Putusan Pengadilan Negeri Solo yang menolak permohonan pergantian nama KGPH Purbaya menjadi Paku Buwono XIV bukan sekadar perkara administratif. Ia adalah penanda keras bahwa negara, melalui hukum positifnya, memilih menjaga jarak tegas dari pusaran konflik legitimasi Keraton Surakarta yang tak kunjung selesai.
Pengadilan seolah berkata jelas: negara tidak ingin menjadi wasit dalam perebutan simbol kekuasaan adat.
Dalam konteks hukum kependudukan, putusan ini dapat dibaca sebagai langkah tepat. KTP adalah instrumen administrasi sipil, bukan kitab silsilah atau panggung penobatan raja. Jika gelar kebangsawanan dapat dilegalkan lewat meja pengadilan, maka negara berpotensi terseret menjadi alat legitimasi sepihak dalam konflik adat yang kompleks dan sensitif.
Namun di sisi lain, putusan ini juga membuka cermin buram kondisi Keraton Solo hari ini.
Keraton, yang seharusnya menjadi pusat nilai, paugeran, dan kebijaksanaan Jawa, justru berulang kali memindahkan konflik internalnya ke ruang publik: dari Sasana Handrawina, ke media massa, hingga kini ke pengadilan. Ketika sengketa adat dibawa ke ranah hukum negara, sesungguhnya yang sedang dipertaruhkan bukan hanya gelar raja, melainkan kewibawaan keraton itu sendiri.
Ironisnya, semua pihak mengatasnamakan “menjaga paugeran”, tetapi yang terlihat justru sebaliknya: paugeran diperdebatkan, ditafsirkan sepihak, bahkan dijadikan alat legitimasi politik simbolik.

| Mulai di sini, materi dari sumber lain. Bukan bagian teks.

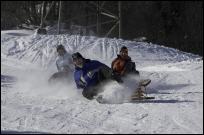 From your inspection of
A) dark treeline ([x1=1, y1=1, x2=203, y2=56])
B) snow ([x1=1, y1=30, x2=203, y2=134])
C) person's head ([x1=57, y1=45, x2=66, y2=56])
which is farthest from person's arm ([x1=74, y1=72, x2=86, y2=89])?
dark treeline ([x1=1, y1=1, x2=203, y2=56])

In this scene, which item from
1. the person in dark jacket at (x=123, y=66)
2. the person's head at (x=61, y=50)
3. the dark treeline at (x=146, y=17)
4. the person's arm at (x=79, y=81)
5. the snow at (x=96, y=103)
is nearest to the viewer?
the snow at (x=96, y=103)

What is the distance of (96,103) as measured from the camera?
36.2 ft

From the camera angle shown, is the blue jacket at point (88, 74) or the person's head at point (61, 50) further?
the person's head at point (61, 50)

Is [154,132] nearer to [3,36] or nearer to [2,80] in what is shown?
[2,80]

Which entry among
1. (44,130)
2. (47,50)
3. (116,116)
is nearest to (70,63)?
Answer: (116,116)

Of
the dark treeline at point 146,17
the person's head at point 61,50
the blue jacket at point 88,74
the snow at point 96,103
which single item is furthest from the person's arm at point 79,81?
the dark treeline at point 146,17

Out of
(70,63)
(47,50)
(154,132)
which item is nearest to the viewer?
(154,132)

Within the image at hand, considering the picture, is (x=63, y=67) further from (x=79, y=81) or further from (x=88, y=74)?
(x=88, y=74)

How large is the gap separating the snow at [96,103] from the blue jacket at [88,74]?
31 cm

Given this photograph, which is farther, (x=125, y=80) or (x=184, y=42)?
(x=184, y=42)

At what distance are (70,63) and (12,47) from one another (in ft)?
26.9

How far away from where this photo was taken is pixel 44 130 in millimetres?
8430

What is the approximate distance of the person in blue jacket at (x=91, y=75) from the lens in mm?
11633

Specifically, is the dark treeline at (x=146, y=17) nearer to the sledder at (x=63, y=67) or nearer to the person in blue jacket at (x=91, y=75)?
the sledder at (x=63, y=67) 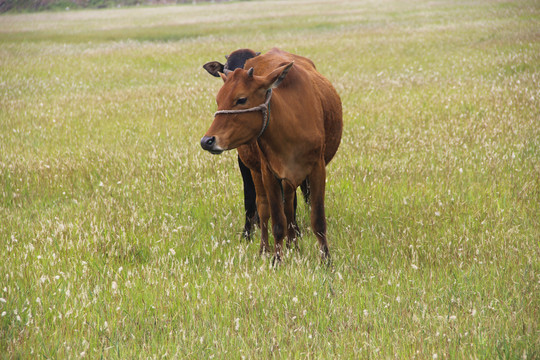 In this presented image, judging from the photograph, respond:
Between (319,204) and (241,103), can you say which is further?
(319,204)

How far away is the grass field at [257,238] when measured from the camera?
4.23 m

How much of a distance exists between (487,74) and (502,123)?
6331 millimetres

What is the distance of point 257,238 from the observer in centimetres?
677

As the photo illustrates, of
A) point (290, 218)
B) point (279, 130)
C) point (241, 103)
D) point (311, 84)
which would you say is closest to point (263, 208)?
point (290, 218)

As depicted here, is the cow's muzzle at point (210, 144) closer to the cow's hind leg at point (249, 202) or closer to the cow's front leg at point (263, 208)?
the cow's front leg at point (263, 208)

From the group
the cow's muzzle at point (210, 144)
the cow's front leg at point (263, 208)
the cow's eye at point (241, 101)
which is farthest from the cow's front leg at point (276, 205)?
the cow's muzzle at point (210, 144)

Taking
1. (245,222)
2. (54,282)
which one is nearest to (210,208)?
(245,222)

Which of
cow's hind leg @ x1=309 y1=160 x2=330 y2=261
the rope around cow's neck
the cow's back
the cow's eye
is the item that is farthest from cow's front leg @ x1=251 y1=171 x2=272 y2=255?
the cow's eye

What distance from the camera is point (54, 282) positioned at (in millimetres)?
5191

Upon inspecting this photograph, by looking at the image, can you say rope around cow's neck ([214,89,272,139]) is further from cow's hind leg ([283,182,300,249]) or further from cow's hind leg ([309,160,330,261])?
cow's hind leg ([283,182,300,249])

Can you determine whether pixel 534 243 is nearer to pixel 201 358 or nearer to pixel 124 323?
pixel 201 358

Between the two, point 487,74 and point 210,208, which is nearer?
point 210,208

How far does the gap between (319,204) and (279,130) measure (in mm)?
969

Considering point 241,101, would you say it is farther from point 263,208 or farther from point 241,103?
point 263,208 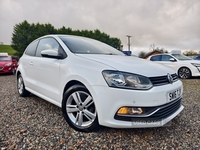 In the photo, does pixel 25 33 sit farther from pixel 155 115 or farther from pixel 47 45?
pixel 155 115

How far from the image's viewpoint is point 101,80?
1.79 meters

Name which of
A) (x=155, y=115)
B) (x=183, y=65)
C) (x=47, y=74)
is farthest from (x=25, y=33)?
(x=155, y=115)

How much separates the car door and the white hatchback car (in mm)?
16

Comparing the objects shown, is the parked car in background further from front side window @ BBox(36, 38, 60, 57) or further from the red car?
the red car

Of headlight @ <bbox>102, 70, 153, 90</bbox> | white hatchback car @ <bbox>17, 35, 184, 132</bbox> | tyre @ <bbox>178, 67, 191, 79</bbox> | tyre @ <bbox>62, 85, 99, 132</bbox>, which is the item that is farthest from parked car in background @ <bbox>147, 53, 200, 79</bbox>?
tyre @ <bbox>62, 85, 99, 132</bbox>

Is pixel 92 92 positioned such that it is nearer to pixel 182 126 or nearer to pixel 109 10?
pixel 182 126

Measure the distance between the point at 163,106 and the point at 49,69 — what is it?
6.03 ft

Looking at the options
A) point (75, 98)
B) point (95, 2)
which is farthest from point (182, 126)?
point (95, 2)

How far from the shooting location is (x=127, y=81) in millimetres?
1726

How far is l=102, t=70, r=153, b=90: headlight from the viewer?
172 centimetres

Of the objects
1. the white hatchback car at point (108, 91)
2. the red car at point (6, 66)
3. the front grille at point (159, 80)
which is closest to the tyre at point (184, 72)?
the white hatchback car at point (108, 91)

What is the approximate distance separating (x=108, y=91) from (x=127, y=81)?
0.81ft


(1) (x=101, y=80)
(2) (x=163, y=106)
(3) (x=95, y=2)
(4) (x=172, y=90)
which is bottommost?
(2) (x=163, y=106)

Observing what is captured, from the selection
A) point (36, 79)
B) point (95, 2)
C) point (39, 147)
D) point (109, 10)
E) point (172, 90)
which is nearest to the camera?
point (39, 147) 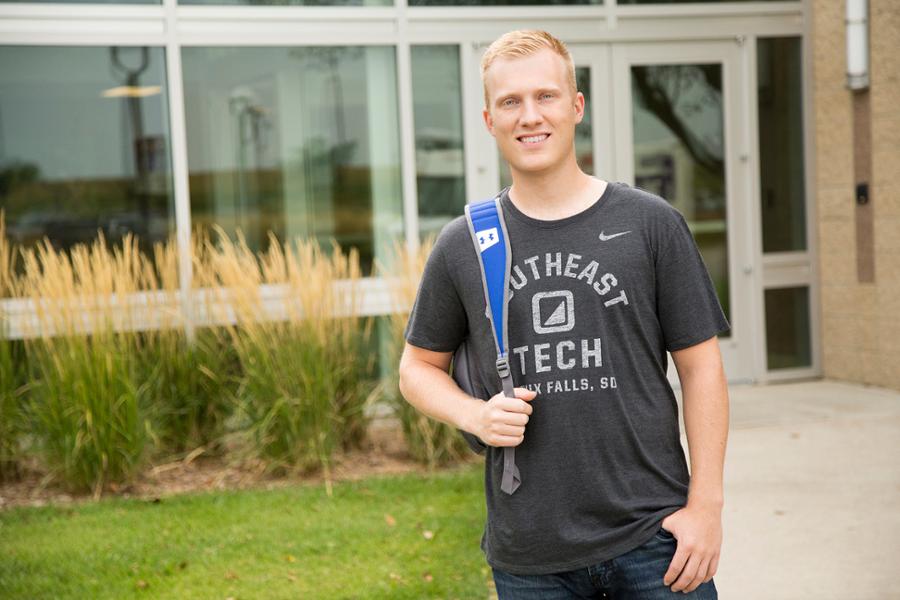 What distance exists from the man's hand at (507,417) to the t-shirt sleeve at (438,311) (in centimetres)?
21

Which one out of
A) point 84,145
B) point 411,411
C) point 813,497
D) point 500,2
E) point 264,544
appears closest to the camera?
point 264,544

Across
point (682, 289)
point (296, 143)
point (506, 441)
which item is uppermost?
point (296, 143)

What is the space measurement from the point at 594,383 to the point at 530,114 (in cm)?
45

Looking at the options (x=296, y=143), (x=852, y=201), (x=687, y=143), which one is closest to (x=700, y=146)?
(x=687, y=143)

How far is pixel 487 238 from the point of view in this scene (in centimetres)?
188

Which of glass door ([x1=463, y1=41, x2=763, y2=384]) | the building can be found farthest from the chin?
glass door ([x1=463, y1=41, x2=763, y2=384])

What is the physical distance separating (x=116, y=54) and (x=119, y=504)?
333cm

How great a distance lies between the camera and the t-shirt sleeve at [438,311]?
1.96m

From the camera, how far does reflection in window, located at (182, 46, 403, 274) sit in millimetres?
7855

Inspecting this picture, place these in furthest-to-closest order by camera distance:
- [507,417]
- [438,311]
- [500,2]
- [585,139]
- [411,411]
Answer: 1. [585,139]
2. [500,2]
3. [411,411]
4. [438,311]
5. [507,417]

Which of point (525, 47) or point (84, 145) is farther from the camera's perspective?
point (84, 145)

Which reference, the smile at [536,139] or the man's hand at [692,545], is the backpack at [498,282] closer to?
the smile at [536,139]

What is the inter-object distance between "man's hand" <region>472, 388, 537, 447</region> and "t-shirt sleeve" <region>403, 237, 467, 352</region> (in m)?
0.21

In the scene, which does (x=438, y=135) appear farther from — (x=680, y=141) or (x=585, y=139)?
(x=680, y=141) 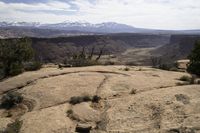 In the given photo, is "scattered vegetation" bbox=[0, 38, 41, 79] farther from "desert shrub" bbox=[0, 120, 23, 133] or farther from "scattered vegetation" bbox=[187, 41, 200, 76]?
"scattered vegetation" bbox=[187, 41, 200, 76]

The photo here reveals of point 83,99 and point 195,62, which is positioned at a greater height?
point 195,62

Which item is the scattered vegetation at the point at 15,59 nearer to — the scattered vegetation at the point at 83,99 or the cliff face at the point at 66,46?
the scattered vegetation at the point at 83,99

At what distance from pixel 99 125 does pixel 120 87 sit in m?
4.67

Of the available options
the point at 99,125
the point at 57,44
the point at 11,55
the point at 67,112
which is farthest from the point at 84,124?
the point at 57,44

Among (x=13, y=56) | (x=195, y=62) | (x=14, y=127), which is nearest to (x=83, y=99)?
(x=14, y=127)

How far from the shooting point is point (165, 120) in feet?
40.7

Negara telah memberi sinyal: urusan adat harus diselesaikan oleh adat. Negara hanya akan masuk jika ada pelanggaran hukum yang nyata, bukan untuk menentukan siapa yang paling berhak menyandang mahkota budaya.
Di titik ini, publik patut bertanya: sampai kapan Keraton Solo membiarkan konflik suksesi berlarut tanpa mekanisme penyelesaian internal yang bermartabat? Apakah keraton masih memiliki otoritas moral untuk menyatukan, bukan memecah?
Jika setiap perbedaan tafsir berujung pada penobatan tandingan, gugatan hukum, dan perang narasi, maka Keraton Solo berisiko kehilangan makna simboliknya di mata generasi muda. Keraton bisa berubah dari pusat kebudayaan menjadi sekadar arena konflik elit berkostum adat.
Putusan PN Solo seharusnya menjadi alarm, bukan bahan perlawanan baru. Alarm bahwa jalan hukum negara bukan solusi utama bagi persoalan adat. Alarm bahwa legitimasi sejati seorang raja Jawa tidak lahir dari KTP, melainkan dari pengakuan adat, keteladanan, dan kemampuan merangkul semua pihak.
Jika konflik ini terus dibiarkan membusuk, yang kalah bukan hanya satu kubu. Yang kalah adalah marwah Keraton Solo sebagai penjaga nilai budaya Jawa.
Dan pada akhirnya, sejarah tidak akan mencatat siapa yang paling cepat menggugat, tetapi siapa yang paling bijak merawat warisan.